The Dictator’s Practical Internet Guide to Power Retention by Laurier Rochon

Lowdown: A despot’s self-help manual on how to use the Internet to improve his control over the dictatorship.
Review:
The recent Arab Spring uprisings have often been labelled The Facebook Revolution. Is that right? Can we count on the Internet to free people from tyranny by virtue of it simply being there? No, says Laurier Rochon in his essay/booklet The Dictator’s Practical Internet Guide to Power Retention (a free download here). In actual fact, he argues, the Internet can be used to do the exact opposite. He goes forth to prove his point in this dictator’s guide, a detailed point by point practical guide written for dictators and instructing them how to do just that: how to use the Internet for an even tighter control over their people.
Grounded in fact and offering plenty of examples, our guide here contains many a reference to various measures in actual tyrannies around the world today. From Singapore through Putin to North Korea, no inspiring dictator is ignored in this piece of work.
Obviously, Rochon is no dictator’s friend. He is out there to prove a point on how easily the Internet can be twisted into a power for evil. Us readers should read it in reverse: any recommendation Rochon makes is, in actual fact, something we should actively avoid. So, when Rochon recommends dictators centralize their ISPs, to name but one example, and goes on to demonstrate how this strategy is used in various dictatorships (Iran is a case in point), we know that we should act to prevent the Internet from being under the total control of the Telstras of this world (who, by the way, are already censoring the Internet for their customers). Indeed, with iiNet's recent purchase of Internode, and rumors concerning iiNet itself being gobbled up by TPG, warning signs should start flashing with the average Australians.

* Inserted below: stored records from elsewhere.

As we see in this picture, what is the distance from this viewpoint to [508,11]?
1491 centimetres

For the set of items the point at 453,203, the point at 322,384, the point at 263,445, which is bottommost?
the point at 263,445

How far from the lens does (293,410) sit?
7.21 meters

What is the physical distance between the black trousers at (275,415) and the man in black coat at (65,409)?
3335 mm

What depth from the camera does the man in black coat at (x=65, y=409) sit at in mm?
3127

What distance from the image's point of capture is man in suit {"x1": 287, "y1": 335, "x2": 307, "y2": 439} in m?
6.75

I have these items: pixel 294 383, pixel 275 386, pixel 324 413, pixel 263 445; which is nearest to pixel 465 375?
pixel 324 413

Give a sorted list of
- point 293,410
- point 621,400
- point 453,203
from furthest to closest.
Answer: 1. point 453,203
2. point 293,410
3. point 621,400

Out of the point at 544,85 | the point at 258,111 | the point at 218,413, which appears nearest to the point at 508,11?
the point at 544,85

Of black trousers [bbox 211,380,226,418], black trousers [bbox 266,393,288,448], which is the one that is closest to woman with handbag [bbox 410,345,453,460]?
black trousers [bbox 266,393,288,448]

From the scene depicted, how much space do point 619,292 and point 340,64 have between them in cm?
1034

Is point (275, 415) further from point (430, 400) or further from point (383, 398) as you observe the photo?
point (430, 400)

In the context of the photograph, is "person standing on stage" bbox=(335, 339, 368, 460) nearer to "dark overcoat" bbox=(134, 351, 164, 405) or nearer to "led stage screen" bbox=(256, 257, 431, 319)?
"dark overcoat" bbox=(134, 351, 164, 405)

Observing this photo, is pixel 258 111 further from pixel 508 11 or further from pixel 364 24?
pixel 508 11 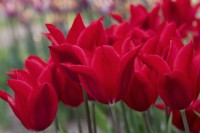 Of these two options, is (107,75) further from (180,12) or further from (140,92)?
(180,12)

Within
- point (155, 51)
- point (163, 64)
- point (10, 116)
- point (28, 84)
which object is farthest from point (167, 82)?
point (10, 116)

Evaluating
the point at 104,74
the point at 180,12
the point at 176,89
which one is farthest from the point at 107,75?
the point at 180,12

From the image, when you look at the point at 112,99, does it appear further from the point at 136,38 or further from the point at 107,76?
the point at 136,38

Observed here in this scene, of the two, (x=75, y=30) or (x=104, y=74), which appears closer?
(x=104, y=74)

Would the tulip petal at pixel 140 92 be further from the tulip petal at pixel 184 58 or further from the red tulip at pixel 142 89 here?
the tulip petal at pixel 184 58

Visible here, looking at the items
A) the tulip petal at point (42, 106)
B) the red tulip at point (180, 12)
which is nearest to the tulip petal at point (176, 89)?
the tulip petal at point (42, 106)

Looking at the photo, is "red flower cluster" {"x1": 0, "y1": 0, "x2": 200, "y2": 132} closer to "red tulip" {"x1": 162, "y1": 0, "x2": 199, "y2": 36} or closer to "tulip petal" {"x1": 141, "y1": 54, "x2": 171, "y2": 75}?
"tulip petal" {"x1": 141, "y1": 54, "x2": 171, "y2": 75}

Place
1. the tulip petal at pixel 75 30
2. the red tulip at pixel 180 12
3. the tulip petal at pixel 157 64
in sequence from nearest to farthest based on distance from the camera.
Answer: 1. the tulip petal at pixel 157 64
2. the tulip petal at pixel 75 30
3. the red tulip at pixel 180 12

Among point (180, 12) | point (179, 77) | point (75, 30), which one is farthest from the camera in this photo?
point (180, 12) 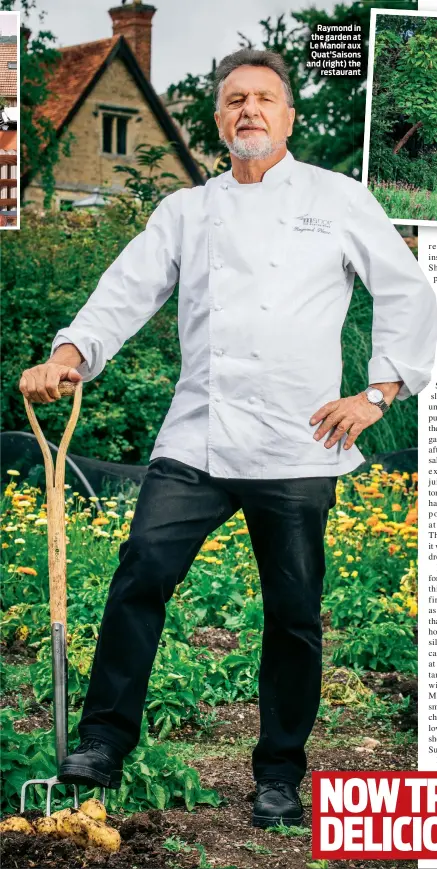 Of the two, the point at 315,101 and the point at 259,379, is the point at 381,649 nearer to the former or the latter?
the point at 259,379

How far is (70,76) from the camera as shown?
22.5 ft

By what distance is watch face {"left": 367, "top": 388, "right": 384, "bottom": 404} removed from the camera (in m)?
3.06

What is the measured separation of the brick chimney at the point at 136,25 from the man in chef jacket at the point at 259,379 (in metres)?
2.88

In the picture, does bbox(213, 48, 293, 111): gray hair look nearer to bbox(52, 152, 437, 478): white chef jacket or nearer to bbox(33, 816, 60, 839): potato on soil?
bbox(52, 152, 437, 478): white chef jacket

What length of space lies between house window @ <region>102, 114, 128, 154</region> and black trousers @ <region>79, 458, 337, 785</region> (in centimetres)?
431

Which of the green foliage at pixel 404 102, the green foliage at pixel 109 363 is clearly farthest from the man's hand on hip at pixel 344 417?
the green foliage at pixel 109 363

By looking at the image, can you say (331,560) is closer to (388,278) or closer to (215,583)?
(215,583)

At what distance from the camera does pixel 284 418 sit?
304cm

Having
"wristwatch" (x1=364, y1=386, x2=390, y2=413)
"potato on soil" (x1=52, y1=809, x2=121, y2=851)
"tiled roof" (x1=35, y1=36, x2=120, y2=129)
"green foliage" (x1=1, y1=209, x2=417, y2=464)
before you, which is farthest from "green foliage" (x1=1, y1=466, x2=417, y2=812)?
"tiled roof" (x1=35, y1=36, x2=120, y2=129)

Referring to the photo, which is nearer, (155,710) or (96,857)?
(96,857)

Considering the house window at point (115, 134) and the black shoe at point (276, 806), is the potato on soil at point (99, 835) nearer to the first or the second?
the black shoe at point (276, 806)

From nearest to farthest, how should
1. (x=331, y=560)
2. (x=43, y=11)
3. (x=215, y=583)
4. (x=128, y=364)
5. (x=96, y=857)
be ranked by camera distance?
(x=96, y=857), (x=215, y=583), (x=331, y=560), (x=43, y=11), (x=128, y=364)

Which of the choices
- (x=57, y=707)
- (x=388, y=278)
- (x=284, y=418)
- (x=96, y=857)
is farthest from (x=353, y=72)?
(x=96, y=857)

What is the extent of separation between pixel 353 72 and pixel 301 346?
56.4 inches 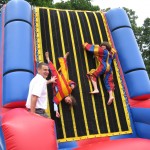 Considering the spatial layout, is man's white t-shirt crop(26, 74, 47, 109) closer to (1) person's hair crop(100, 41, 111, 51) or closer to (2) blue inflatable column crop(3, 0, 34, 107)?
(2) blue inflatable column crop(3, 0, 34, 107)

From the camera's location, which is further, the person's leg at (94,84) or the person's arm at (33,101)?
the person's leg at (94,84)

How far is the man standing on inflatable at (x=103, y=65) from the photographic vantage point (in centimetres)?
330

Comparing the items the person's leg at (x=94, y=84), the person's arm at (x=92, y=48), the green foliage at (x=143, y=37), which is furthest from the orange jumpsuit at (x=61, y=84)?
the green foliage at (x=143, y=37)

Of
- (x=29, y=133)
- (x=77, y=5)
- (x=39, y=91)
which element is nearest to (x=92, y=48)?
(x=39, y=91)

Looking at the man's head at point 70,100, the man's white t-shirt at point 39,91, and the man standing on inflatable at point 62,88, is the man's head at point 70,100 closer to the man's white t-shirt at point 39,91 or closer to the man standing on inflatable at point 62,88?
the man standing on inflatable at point 62,88

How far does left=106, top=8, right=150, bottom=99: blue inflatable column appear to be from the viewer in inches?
130

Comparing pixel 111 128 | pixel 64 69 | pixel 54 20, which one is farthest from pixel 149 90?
pixel 54 20

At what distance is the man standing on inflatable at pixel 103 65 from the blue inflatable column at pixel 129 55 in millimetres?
176

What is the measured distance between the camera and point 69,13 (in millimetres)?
3900

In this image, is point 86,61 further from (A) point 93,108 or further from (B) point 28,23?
(B) point 28,23

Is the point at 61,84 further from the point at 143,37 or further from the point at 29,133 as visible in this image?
the point at 143,37

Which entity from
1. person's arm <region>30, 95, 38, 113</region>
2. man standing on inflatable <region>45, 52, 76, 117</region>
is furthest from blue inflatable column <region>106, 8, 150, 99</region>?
person's arm <region>30, 95, 38, 113</region>

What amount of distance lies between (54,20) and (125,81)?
1.21m

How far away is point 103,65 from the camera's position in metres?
3.38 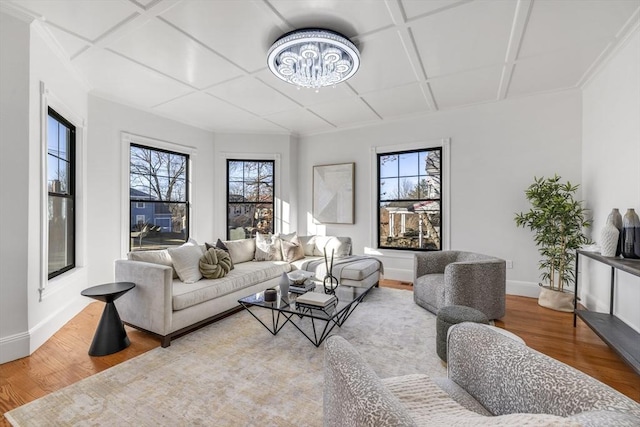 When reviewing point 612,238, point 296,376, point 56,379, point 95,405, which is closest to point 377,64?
point 612,238

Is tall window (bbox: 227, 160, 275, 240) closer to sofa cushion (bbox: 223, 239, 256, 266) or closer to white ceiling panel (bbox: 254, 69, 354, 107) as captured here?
sofa cushion (bbox: 223, 239, 256, 266)

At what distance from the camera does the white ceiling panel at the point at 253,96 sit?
3.43 metres

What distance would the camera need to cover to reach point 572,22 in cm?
229

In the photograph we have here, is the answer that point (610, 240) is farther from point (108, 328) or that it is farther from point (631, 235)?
point (108, 328)

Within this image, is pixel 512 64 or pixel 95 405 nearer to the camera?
pixel 95 405

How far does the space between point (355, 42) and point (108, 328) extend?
10.9 feet

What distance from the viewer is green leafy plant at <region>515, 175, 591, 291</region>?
3293 millimetres

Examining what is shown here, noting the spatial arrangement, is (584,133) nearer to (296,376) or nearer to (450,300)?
(450,300)

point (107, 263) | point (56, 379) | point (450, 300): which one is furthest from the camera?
point (107, 263)

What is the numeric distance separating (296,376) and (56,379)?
1.72 m

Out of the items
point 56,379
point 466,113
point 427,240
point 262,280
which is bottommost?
point 56,379

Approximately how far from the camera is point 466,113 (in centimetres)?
420

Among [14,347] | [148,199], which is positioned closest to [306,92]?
[148,199]

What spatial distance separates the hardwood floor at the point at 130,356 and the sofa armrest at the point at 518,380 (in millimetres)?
1667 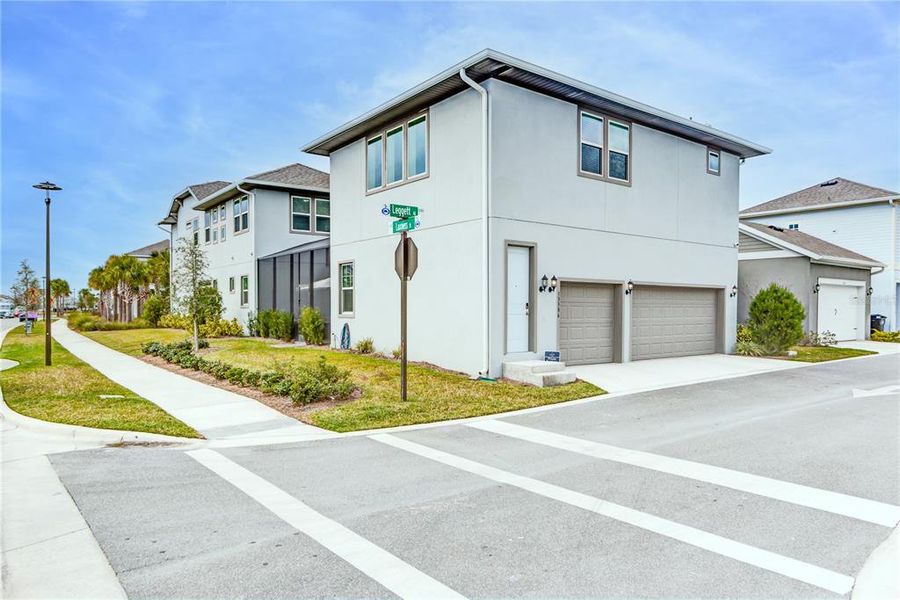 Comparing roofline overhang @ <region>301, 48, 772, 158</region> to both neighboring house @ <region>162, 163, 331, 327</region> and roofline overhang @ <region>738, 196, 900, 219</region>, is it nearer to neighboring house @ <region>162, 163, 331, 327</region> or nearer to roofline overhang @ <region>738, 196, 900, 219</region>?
neighboring house @ <region>162, 163, 331, 327</region>

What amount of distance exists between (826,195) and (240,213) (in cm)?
2761

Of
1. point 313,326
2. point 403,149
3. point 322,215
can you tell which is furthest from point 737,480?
point 322,215

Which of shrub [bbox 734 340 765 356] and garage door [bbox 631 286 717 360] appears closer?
garage door [bbox 631 286 717 360]

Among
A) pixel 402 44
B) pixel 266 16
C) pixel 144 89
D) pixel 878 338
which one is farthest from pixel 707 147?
pixel 144 89

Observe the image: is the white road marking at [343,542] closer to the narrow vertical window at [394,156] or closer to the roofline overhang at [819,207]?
the narrow vertical window at [394,156]

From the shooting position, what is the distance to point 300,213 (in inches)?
883

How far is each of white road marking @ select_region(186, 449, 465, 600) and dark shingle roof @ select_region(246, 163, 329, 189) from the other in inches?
697

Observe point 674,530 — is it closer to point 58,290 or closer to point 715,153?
point 715,153

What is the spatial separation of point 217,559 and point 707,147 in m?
16.0

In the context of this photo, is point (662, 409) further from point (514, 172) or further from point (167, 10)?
point (167, 10)

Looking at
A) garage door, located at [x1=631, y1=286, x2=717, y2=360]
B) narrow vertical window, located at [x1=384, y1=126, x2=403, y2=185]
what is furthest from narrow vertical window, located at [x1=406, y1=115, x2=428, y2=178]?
garage door, located at [x1=631, y1=286, x2=717, y2=360]

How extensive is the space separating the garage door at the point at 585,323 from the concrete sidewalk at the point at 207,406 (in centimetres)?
692

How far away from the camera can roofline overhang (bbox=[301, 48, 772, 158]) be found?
1045 cm

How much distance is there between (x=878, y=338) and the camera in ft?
73.0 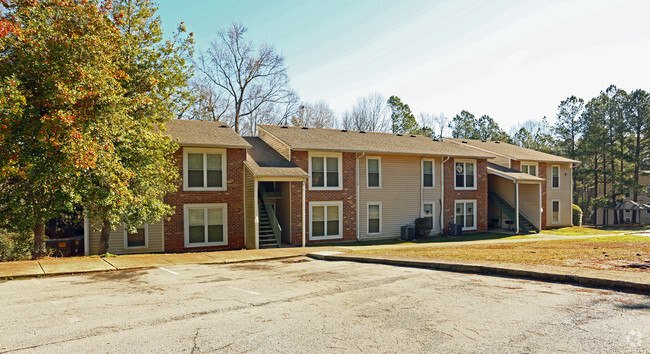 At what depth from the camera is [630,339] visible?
4.70 meters

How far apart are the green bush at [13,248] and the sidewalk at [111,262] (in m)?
2.96

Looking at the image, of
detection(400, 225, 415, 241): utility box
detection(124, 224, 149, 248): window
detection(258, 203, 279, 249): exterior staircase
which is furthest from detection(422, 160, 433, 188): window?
detection(124, 224, 149, 248): window

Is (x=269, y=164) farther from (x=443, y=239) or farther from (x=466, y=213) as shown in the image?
(x=466, y=213)

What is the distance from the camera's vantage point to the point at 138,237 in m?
17.0

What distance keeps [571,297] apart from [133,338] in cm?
642

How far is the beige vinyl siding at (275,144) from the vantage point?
20617 mm

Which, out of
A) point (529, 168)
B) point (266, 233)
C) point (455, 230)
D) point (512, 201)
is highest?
point (529, 168)

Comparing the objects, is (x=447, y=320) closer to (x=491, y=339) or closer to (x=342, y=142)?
(x=491, y=339)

That is to say, The Dictator’s Practical Internet Guide to Power Retention’s main value is not for dictatorships at all; it is written for us, citizens of the free world, as a wake up call against the various stakeholder that wish to subdue the Internet away from us. Be it ACTA, TPP, SOPA, National Security Inquiry, Patriot Act or just your average copyright industry demand, our Internet is always in danger – and thus our freedom is as well.
Short, sharp and very often funny, this Dictator’s Guide stands out in contrast with the recently reviewed The Transparent Society. Both share many a theme, but while the latter is lengthy and lacking in factual grounding, the former hits the mark in both readability and firm evidence basing of arguments.
Overall: The Dictator’s Practical Internet Guide to Power Retention is not only educational, it’s good entertainment too. I give it 4 out of 5 stars.